Commercial paper is not usually backed by any form of collateral, making it a


form of unsecured debt. As a result, only firms with high-quality debt ratings
will easily find buyers without having to offer a substantial discount (higher
cost) for the debt issue. Because commercial paper is issued by large
institutions, the denominations of the commercial paper offerings are
substantial, usually $100,000 or more. Other corporations, financial
institutions, wealthy individuals, and money market funds are usually buyers of
commercial paper.

Advantages of Commercial Paper


A major benefit of commercial paper is that it does not need to be registered
with the Securities and Exchange Commission (SEC) as long as it matures
before nine months, or 270 days, making it a very cost-effective means of
financing. Although maturities can go as long as 270 days before coming
under the purview of the SEC, maturities for commercial paper average about
30 days, rarely reaching that threshold.

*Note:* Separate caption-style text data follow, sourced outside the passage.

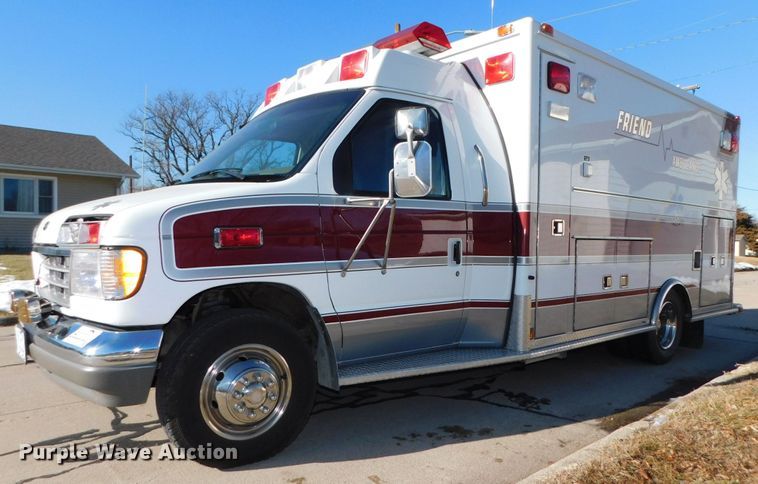 image for item DJ5924 1992 Ford E350  ambulance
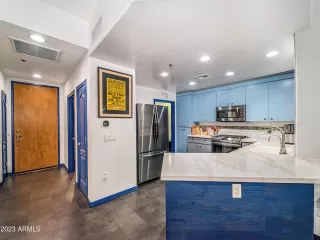 Photo #4: 6644780 Listing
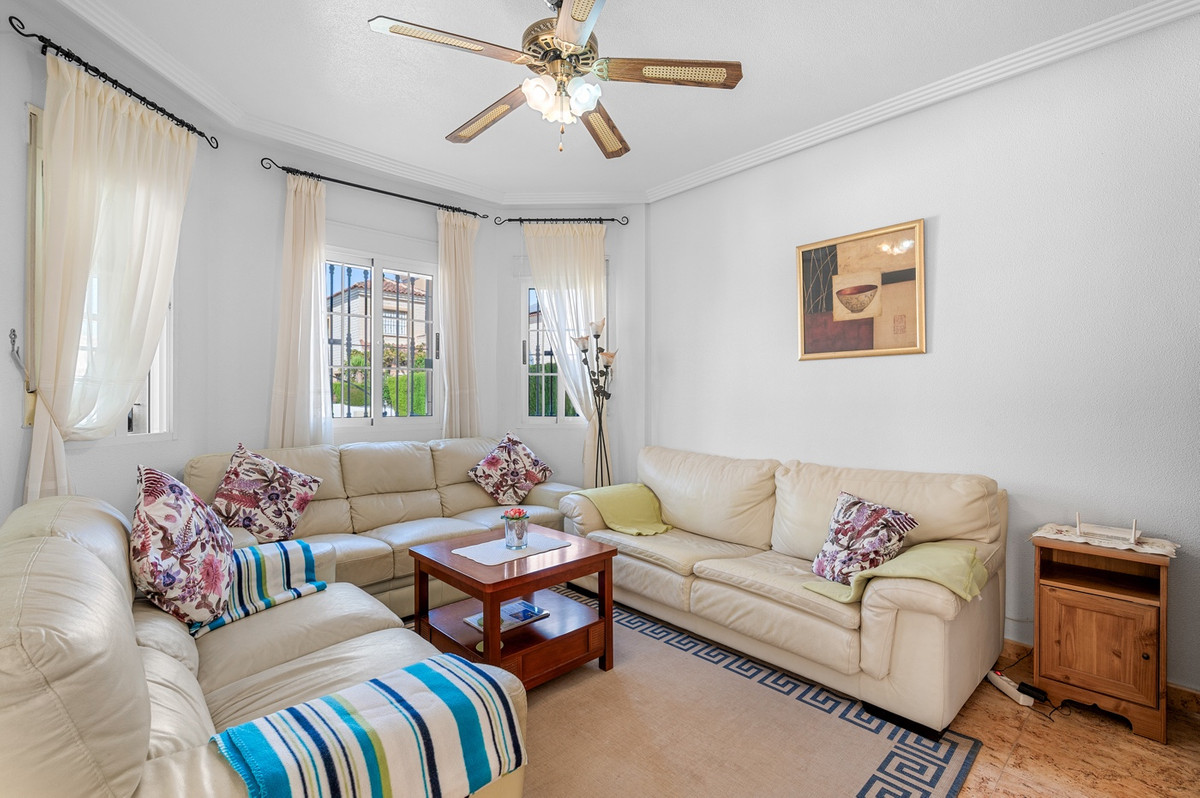 3 Bed Townhouse for sale in Guardamar Del Segura Costa Blanca, Alicante, Spain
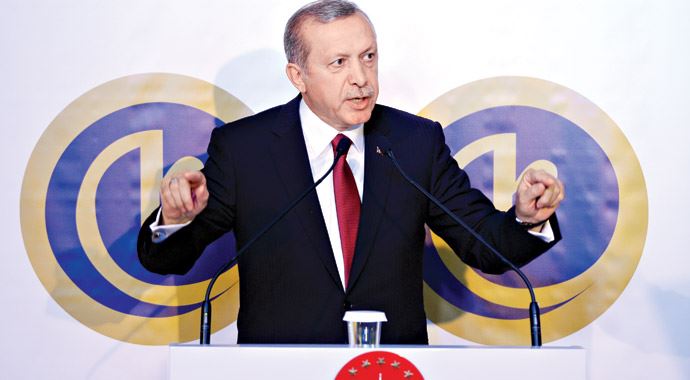 Erdoğan'dan sert tepki: Türkiye'yi terörle anmak alçaklıktır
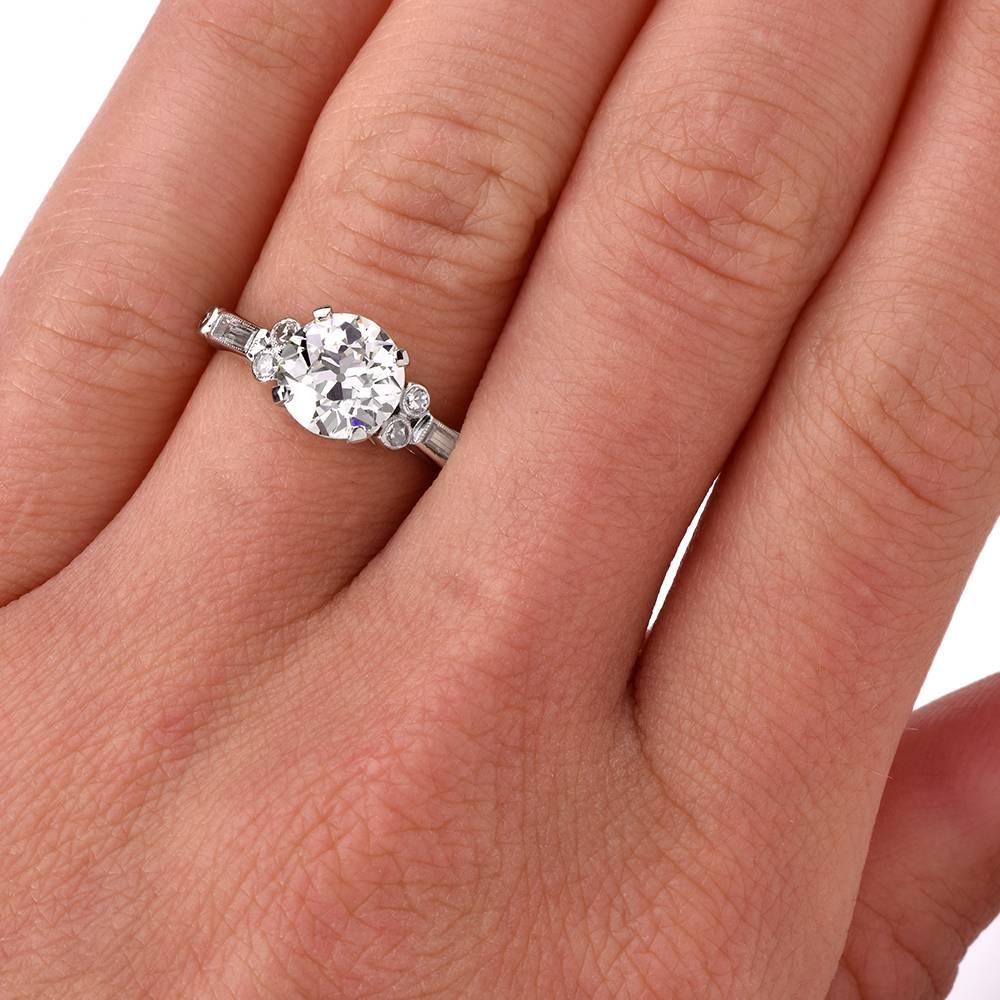 Antique Art Deco  Diamond Platinum Engagement Ring 3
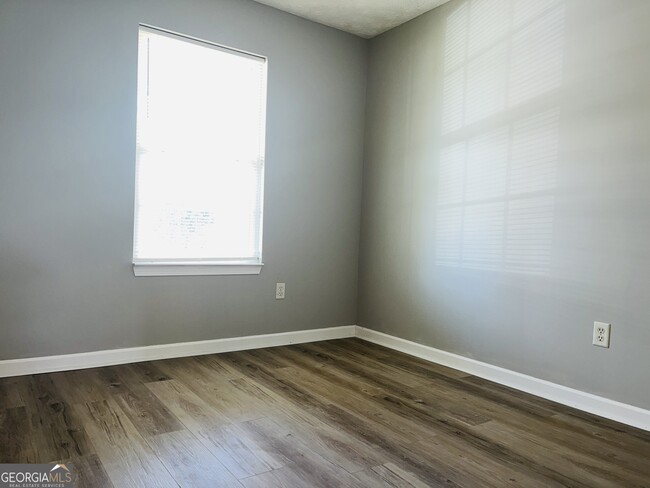 Building Photo - 105 Granite St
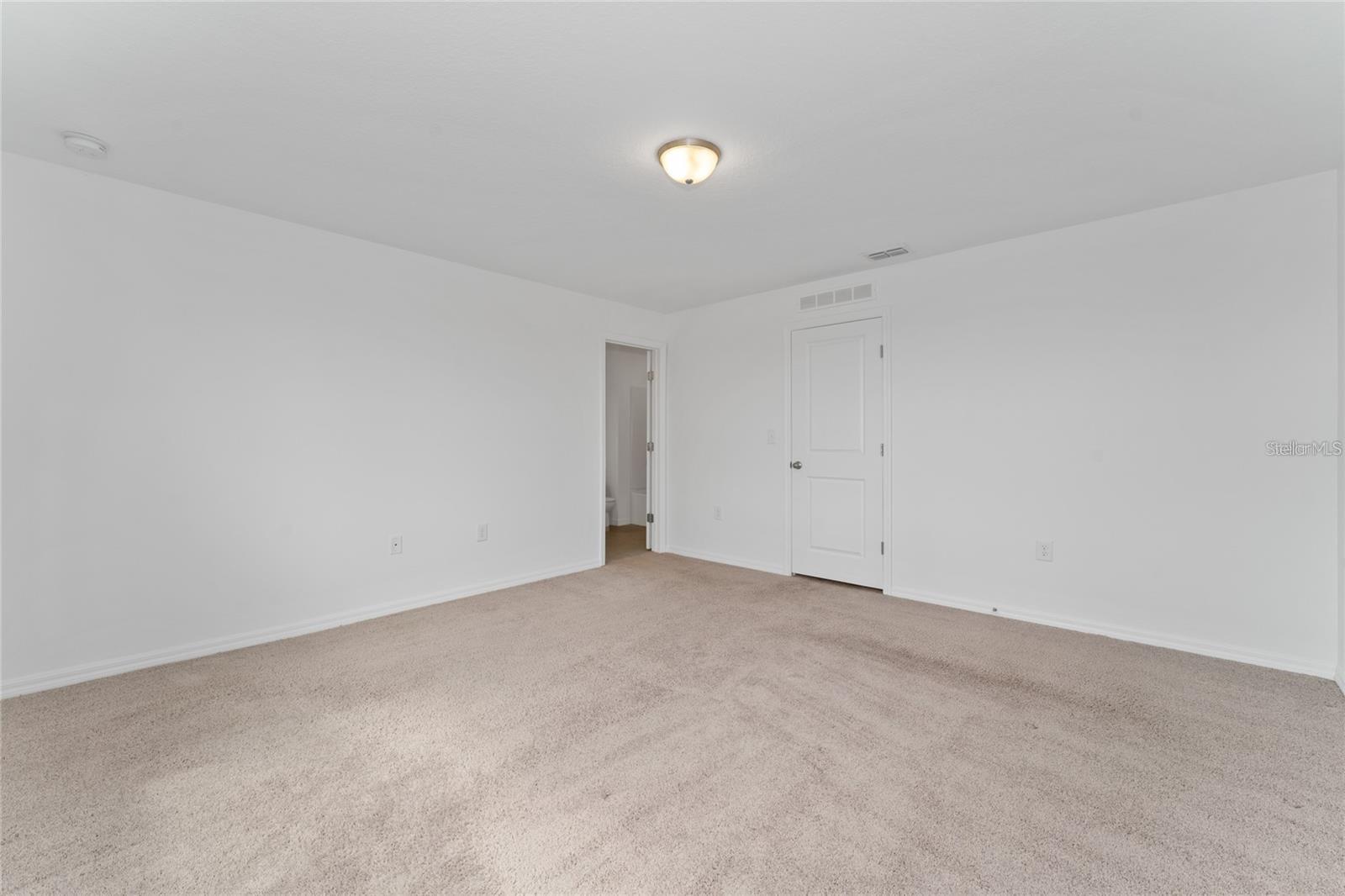 Image 20 of 23 For 221 Mandovi Street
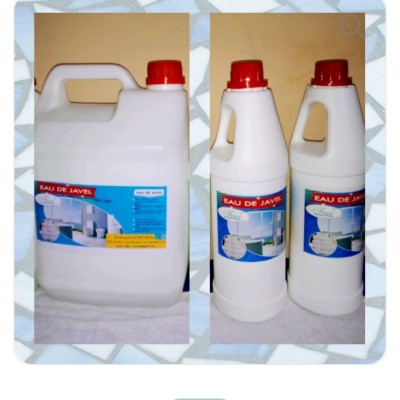 Eau de javel en bouteille plastique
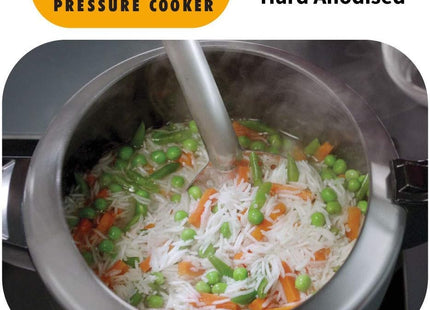 Hawkins Futura Pressure Cooker, Hard Anodised Pressure Cooker, Induction Cooker, Small Cooker, Black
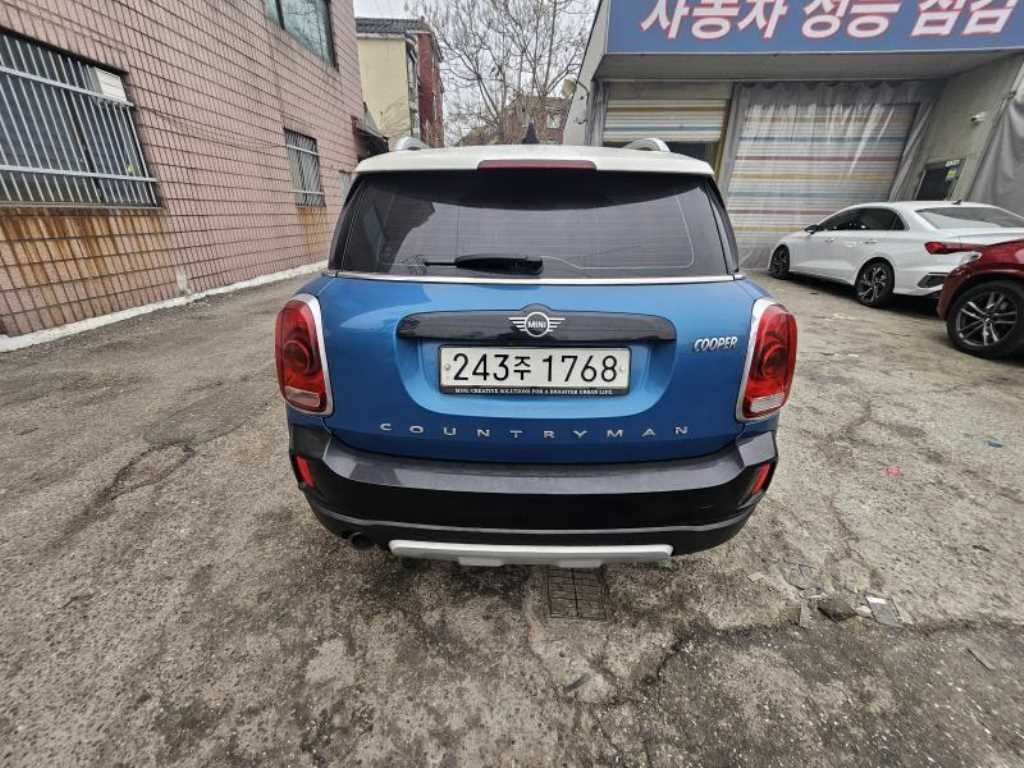 Mini Countryman - Vista 3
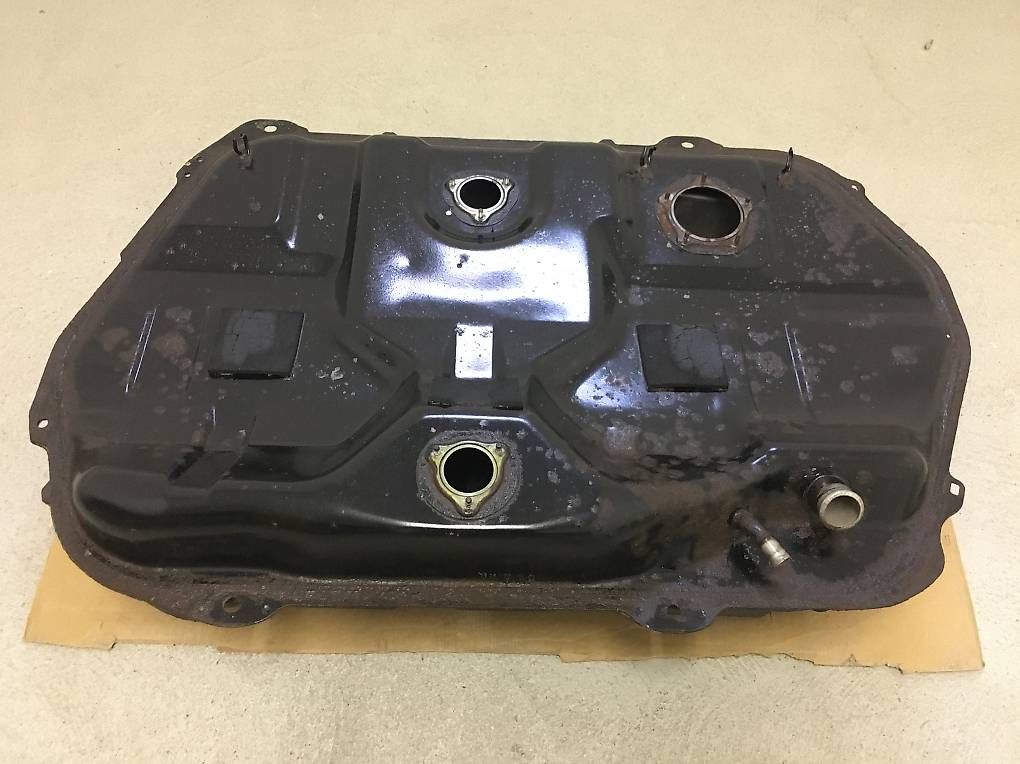 Accessori per altri veicoli: Mitsubishi Colt CA0/CAO Benzintank – Usato da Gipf-Oberfrick venduto da CNe 2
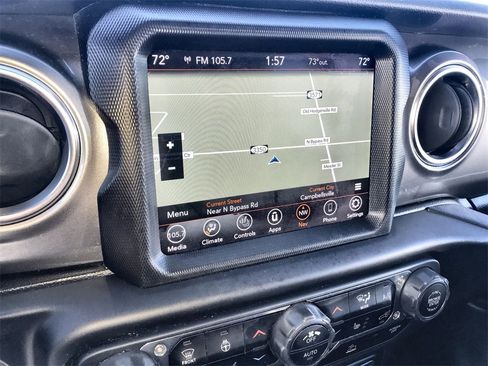 Used 2020 Jeep Gladiator Overland image 18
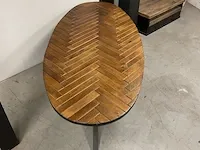 Eettafel visgraat bruin richfield, bruin, bouwjaar 2023 - afbeelding 3 van  5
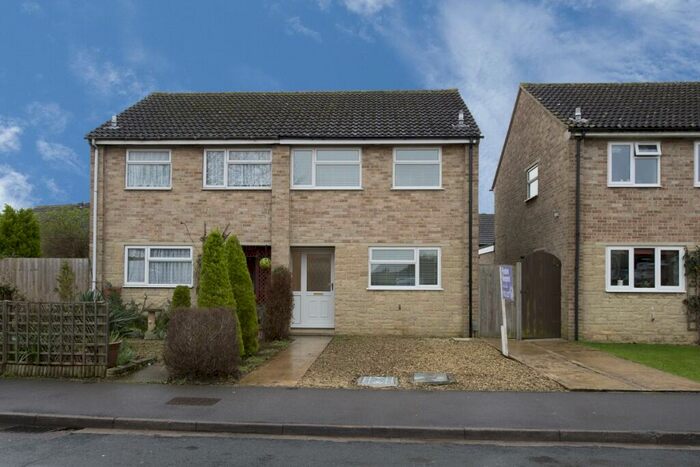 3 Bedroom Semi-Detached House To Rent In Orchard Way, Bicester, OX26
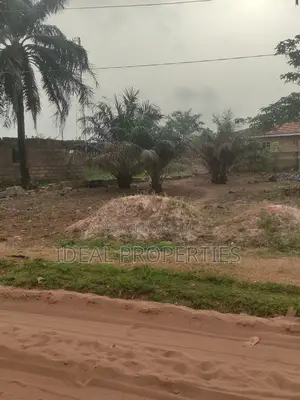 Price Slash! 100x100 Land With Uncomplicated Struc Urgently for Sale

The proceeds from this type of
financing can only be used on current assets, or inventories, and are not
allowed to be used on fixed assets, such as a new plant, without SEC
involvement.

Commercial Paper During the Financial Crisis


The commercial paper market played a big role in the financial crisis that
began in 2007. As investors began to doubt the financial health and liquidity of
firms such as Lehman Brothers, the commercial paper market froze, and firms
were no longer able to access easy and affordable funding. Another effect of
the commercial paper market freezing was some money market funds -
substantial investors in commercial paper - "breaking the buck." This meant
that the affected unds had net asset values under $1, reflecting the
diminishing value of their outstanding commercial paper issued by firms of
suspect financial health.

The Commercial Paper Funding Facility (CPFF) was subsequently created by


the Federal Reserve Bank of New York on October 27, 2008, as a result of the
credit crunch faced by financial intermediaries in the commercial paper
market. The Federal Reserve Bank of New York closed the CPFF in February
2010 after it no longer became necessary as the financial sector and broader
economy recovered.

Example of Commercial Paper


An example of commercial paper is when a retail firm is looking for short-term
funding to finance some new inventory for an upcoming holiday season. The
firm needs $10 million and it offers investors $10.1 million in face value of
commercial paper in exchange for $10 million in cash, according to prevailing
interest rates. In effect, there would be a $0.1 million interest payment upon
maturity of the commercial paper in exchange for the $10 million in cash,
equating to an interest rate of 1%. This interest rate can be adjusted for time,
contingent on the number of days the commercial paper is outstanding.